Brief descriptive captions

---

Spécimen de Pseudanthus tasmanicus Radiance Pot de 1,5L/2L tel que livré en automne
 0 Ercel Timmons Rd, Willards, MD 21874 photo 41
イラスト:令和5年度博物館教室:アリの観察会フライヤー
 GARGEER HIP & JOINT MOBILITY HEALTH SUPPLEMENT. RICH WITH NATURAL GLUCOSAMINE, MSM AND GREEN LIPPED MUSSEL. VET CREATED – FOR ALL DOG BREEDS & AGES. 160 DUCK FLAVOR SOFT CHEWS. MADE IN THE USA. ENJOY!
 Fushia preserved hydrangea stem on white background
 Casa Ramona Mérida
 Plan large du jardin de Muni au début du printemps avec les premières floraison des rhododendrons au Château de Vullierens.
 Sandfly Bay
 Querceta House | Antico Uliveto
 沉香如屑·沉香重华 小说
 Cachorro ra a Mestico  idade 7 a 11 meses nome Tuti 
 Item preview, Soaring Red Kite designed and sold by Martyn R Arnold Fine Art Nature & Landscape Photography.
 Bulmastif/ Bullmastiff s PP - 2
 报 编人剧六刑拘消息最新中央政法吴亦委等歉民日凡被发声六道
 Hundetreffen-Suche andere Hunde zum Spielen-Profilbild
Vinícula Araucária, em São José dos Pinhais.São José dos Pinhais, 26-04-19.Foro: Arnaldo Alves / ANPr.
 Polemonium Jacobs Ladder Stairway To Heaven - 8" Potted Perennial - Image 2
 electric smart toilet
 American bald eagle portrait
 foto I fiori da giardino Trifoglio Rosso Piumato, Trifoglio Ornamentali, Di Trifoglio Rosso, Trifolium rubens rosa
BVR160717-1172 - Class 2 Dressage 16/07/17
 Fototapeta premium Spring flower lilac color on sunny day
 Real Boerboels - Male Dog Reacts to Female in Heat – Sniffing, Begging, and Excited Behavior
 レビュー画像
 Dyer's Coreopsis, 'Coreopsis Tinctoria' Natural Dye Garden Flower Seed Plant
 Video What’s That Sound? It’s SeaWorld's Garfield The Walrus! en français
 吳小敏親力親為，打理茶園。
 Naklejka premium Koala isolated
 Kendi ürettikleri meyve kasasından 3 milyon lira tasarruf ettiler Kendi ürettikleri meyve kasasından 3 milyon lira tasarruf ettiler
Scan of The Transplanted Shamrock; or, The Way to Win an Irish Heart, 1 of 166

---

## PROMPT
Your response should consist of the data above, duplicated exactly.

## RESPONSE
Spécimen de Pseudanthus tasmanicus Radiance Pot de 1,5L/2L tel que livré en automne
 0 Ercel Timmons Rd, Willards, MD 21874 photo 41
イラスト:令和5年度博物館教室:アリの観察会フライヤー
 GARGEER HIP & JOINT MOBILITY HEALTH SUPPLEMENT. RICH WITH NATURAL GLUCOSAMINE, MSM AND GREEN LIPPED MUSSEL. VET CREATED – FOR ALL DOG BREEDS & AGES. 160 DUCK FLAVOR SOFT CHEWS. MADE IN THE USA. ENJOY!
 Fushia preserved hydrangea stem on white background
 Casa Ramona Mérida
 Plan large du jardin de Muni au début du printemps avec les premières floraison des rhododendrons au Château de Vullierens.
 Sandfly Bay
 Querceta House | Antico Uliveto
 沉香如屑·沉香重华 小说
 Cachorro ra a Mestico  idade 7 a 11 meses nome Tuti 
 Item preview, Soaring Red Kite designed and sold by Martyn R Arnold Fine Art Nature & Landscape Photography.
 Bulmastif/ Bullmastiff s PP - 2
 报 编人剧六刑拘消息最新中央政法吴亦委等歉民日凡被发声六道
 Hundetreffen-Suche andere Hunde zum Spielen-Profilbild
Vinícula Araucária, em São José dos Pinhais.São José dos Pinhais, 26-04-19.Foro: Arnaldo Alves / ANPr.
 Polemonium Jacobs Ladder Stairway To Heaven - 8" Potted Perennial - Image 2
 electric smart toilet
 American bald eagle portrait
 foto I fiori da giardino Trifoglio Rosso Piumato, Trifoglio Ornamentali, Di Trifoglio Rosso, Trifolium rubens rosa
BVR160717-1172 - Class 2 Dressage 16/07/17
 Fototapeta premium Spring flower lilac color on sunny day
 Real Boerboels - Male Dog Reacts to Female in Heat – Sniffing, Begging, and Excited Behavior
 レビュー画像
 Dyer's Coreopsis, 'Coreopsis Tinctoria' Natural Dye Garden Flower Seed Plant
 Video What’s That Sound? It’s SeaWorld's Garfield The Walrus! en français
 吳小敏親力親為，打理茶園。
 Naklejka premium Koala isolated
 Kendi ürettikleri meyve kasasından 3 milyon lira tasarruf ettiler Kendi ürettikleri meyve kasasından 3 milyon lira tasarruf ettiler
Scan of The Transplanted Shamrock; or, The Way to Win an Irish Heart, 1 of 166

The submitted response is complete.